Are people expected to remember how to do this stuff on the spot? I mean, I've done that before, but, unless I currently have a need for it, I tend to have to look that type of thing up before doing it.

I expected him to do poorly (because he seemed not very good), but to at least recognize that it's a convolution and remember that there exists an N log N solution, and maybe that it "uses FFTs or something". But he wouldn't have gotten any followup just with that, because by that point in the phone scrreen he'd failed basic data structures and what I really wanted to know was if this was actually some super smart guy. Maybe he'd suddenly start sperging out about this stuff he was familiar with. But instead he gave a really bad way of doing the O(N*M) solution, instead of doing even that sanely.

Hiowf
Jun 28, 2013

We don't do .DOC in my cave.

shrughes posted:

But instead he gave a really bad way of doing the O(N*M) solution, instead of doing even that sanely.

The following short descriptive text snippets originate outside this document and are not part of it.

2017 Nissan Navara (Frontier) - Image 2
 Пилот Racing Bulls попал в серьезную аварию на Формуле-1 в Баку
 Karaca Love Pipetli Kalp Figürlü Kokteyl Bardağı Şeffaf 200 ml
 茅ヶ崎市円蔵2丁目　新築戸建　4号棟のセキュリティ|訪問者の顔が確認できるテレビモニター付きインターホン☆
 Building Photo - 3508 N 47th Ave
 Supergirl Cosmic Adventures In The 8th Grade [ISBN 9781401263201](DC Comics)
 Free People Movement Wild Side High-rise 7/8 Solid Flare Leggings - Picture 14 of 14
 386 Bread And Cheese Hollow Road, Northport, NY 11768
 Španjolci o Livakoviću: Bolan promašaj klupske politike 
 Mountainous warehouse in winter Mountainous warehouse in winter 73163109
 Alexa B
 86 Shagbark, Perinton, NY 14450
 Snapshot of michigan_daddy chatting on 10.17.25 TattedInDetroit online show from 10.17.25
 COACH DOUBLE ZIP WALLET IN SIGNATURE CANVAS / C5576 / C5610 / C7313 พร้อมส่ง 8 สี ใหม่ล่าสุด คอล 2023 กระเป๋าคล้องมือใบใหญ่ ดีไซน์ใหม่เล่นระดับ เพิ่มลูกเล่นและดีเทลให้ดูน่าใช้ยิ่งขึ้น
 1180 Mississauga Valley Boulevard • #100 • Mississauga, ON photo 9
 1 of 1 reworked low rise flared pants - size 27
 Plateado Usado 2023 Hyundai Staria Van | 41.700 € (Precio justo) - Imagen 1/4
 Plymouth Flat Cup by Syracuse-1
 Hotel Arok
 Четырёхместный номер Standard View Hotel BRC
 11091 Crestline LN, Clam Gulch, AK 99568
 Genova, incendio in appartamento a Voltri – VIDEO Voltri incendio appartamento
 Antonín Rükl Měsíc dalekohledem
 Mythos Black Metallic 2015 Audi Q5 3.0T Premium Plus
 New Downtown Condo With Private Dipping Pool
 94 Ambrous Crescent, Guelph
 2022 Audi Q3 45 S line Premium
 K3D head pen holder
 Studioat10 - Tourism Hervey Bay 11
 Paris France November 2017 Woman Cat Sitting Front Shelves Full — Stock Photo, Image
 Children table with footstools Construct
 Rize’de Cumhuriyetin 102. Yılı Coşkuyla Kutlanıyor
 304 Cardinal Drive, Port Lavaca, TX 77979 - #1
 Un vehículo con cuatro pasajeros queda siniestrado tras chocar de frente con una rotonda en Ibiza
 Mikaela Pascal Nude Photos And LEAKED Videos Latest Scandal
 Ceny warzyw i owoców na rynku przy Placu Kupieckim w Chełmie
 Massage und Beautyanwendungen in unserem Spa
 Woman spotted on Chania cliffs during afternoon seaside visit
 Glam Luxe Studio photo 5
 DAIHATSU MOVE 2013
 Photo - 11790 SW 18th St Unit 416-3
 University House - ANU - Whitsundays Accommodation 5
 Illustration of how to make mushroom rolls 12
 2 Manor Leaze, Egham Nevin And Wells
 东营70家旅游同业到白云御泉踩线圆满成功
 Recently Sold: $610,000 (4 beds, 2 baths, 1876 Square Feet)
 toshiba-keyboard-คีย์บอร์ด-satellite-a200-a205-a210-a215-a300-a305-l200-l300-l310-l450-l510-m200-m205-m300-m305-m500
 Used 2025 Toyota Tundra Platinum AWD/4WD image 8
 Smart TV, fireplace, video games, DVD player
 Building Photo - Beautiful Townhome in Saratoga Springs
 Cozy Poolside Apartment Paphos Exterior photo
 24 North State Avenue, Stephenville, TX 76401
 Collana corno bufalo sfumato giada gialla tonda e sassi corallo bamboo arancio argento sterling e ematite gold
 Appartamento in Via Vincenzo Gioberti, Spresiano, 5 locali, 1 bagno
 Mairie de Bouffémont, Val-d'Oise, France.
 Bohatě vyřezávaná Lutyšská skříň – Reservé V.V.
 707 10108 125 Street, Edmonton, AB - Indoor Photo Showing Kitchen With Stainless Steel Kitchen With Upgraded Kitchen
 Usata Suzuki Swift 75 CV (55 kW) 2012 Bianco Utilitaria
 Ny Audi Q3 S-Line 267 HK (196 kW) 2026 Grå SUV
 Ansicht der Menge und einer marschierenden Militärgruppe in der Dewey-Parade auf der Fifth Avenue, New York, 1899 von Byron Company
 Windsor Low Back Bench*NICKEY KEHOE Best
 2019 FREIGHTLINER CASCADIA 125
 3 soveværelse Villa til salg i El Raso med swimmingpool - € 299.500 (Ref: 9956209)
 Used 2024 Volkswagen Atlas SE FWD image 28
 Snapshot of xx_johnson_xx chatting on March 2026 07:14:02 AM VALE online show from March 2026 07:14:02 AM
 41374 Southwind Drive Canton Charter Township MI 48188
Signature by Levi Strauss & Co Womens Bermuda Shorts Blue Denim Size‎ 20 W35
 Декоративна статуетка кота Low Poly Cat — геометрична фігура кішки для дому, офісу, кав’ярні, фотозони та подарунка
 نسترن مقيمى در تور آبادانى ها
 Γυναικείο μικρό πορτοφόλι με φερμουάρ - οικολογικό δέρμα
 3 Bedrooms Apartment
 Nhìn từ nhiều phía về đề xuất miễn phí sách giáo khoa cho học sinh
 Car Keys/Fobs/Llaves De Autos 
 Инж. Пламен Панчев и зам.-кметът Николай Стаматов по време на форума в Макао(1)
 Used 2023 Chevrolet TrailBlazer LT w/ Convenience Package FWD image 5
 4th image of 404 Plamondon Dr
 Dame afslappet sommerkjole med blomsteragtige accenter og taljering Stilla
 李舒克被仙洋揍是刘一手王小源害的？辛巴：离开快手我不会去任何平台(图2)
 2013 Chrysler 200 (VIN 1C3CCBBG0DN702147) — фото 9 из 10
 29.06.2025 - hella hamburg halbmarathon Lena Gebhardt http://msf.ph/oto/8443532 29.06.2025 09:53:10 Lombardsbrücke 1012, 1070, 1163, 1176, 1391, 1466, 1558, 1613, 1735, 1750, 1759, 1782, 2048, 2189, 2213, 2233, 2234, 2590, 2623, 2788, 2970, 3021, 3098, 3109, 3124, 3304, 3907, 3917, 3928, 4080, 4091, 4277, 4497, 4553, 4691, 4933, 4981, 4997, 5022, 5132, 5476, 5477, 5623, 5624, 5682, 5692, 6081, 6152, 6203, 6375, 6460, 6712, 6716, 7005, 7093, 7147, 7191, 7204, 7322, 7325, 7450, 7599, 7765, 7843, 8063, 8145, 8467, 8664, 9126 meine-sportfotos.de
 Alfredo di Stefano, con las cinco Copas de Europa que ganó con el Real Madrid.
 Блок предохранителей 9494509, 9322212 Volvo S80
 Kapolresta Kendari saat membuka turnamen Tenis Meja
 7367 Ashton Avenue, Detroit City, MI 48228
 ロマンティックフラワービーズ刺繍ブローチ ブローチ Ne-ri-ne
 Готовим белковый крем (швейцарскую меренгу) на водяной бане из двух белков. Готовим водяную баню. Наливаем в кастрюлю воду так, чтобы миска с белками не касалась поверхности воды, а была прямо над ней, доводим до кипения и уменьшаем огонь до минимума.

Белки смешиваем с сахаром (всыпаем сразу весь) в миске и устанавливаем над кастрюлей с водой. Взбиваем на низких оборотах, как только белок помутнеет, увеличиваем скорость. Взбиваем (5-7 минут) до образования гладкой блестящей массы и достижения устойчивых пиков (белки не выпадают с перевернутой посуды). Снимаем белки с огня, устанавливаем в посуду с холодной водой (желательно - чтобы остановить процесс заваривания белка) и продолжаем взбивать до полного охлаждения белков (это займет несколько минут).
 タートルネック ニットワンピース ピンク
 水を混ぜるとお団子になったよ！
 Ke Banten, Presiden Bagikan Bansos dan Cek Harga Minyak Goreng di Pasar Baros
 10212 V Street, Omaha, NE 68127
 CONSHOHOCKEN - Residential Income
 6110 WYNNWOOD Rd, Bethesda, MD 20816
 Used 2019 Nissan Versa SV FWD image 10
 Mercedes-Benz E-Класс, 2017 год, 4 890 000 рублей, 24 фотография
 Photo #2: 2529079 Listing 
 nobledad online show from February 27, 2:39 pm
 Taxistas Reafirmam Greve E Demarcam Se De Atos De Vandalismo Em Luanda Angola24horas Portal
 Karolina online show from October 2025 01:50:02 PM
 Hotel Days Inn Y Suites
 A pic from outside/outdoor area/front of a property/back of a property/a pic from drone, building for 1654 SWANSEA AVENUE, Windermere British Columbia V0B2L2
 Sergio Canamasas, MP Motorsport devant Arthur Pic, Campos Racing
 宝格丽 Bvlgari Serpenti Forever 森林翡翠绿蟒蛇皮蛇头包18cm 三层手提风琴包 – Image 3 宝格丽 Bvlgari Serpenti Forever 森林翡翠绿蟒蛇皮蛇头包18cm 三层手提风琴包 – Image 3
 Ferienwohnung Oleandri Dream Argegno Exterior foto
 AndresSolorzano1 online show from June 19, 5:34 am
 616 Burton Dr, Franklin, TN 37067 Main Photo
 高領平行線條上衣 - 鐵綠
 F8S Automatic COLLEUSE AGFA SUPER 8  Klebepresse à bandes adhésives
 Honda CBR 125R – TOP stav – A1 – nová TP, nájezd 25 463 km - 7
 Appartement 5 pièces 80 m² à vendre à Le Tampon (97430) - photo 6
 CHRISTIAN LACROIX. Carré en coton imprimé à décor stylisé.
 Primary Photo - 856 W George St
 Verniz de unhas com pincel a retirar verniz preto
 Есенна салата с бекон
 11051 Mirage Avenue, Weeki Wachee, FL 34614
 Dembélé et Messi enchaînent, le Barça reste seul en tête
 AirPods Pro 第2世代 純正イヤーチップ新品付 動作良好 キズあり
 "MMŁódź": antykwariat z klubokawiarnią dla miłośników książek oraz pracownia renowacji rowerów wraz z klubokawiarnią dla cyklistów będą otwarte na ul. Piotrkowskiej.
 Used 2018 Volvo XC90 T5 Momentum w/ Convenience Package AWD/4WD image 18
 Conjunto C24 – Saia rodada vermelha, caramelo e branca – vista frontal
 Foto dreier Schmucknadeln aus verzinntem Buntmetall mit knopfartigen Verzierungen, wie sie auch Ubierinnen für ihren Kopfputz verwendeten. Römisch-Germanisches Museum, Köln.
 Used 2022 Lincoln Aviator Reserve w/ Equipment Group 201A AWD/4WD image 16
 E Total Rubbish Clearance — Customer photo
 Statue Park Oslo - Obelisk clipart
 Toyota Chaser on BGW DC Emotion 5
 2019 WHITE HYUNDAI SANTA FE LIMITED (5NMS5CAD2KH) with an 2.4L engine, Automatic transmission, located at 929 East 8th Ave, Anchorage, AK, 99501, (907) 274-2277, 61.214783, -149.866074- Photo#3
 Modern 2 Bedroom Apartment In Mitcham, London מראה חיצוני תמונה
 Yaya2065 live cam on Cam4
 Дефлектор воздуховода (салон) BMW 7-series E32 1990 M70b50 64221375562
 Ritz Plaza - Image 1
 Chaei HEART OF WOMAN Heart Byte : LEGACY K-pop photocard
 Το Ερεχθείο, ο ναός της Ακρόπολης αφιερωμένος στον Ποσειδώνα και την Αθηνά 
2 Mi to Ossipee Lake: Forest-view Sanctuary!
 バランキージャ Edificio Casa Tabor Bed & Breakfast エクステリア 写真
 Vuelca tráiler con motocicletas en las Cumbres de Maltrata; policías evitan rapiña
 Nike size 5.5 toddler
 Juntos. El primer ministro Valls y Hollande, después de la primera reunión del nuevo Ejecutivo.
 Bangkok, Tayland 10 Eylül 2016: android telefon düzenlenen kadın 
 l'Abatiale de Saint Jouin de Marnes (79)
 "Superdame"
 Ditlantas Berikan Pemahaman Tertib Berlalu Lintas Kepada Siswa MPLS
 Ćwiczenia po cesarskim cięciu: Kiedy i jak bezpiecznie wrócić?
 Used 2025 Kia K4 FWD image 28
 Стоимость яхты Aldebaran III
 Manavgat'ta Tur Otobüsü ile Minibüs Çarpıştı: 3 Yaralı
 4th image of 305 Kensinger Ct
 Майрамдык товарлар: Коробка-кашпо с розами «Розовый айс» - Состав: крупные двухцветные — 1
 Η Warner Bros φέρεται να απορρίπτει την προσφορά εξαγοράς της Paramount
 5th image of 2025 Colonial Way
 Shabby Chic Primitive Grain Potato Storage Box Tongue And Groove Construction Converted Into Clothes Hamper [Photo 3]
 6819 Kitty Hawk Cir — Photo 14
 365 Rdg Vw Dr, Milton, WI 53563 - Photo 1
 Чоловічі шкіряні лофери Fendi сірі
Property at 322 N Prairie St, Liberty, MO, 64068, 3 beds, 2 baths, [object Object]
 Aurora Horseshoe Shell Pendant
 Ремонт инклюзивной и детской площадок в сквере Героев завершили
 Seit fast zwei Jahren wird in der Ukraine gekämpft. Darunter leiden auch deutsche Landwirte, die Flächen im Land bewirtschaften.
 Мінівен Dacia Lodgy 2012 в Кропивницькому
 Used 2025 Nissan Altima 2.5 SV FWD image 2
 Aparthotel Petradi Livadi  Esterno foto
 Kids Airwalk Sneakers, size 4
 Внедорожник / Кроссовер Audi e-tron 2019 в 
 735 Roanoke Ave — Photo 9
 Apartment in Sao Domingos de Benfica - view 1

Alright, from memory. I would probably get halfway through the first and then ask you "Wait, you're asking me to run a FIR filter on a billion elements? Why didn't you say so!"

You probably want some zero-padding to make sure the FFT size is one that is fast to compute, and the overlap-add is probably wrong and half the details are handwaved, but I think this is the basic idea what you meant, yes? What'd you say if they tried to compute the FFT over the billion elements?

code:
for (i = 0; i < signal_len-filter_len; i++) {
  out[i] = 0;
  for (j = 0; j < filter_len; j++) {
    out[i] += signal[i+j] * filter[j];
  }
}
code:
fft(filter, filter_len, filter_complex_out);
for (i = 0; i < signal_len; i += whatever_len) {
  fft(signal[i], whatever_len, signal_complex_out);
  for (j = 0; j < filter_len; j++) {
    signal_temp_complex[j] = signal_complex_out[j] * filter_complex_out[j]; // complex mult
  }
  reverse_fft(signal_temp_complex, filter_len+whatever_len, signal_out);
  for (j = 0; j < whatever_len; j++) {
    out[j] += signal_out[j] + old_out[j];
  }
  for (j = 0; j < filter_len; j++) {
    old_out[j] = signal_out[whatever_len+j];
  }
}

Hiowf fucked around with this message at 19:42 on May 7, 2014

shrughes
Oct 11, 2008

(call/cc call/cc)

Skuto posted:

What'd you say if they tried to compute the FFT over the billion elements?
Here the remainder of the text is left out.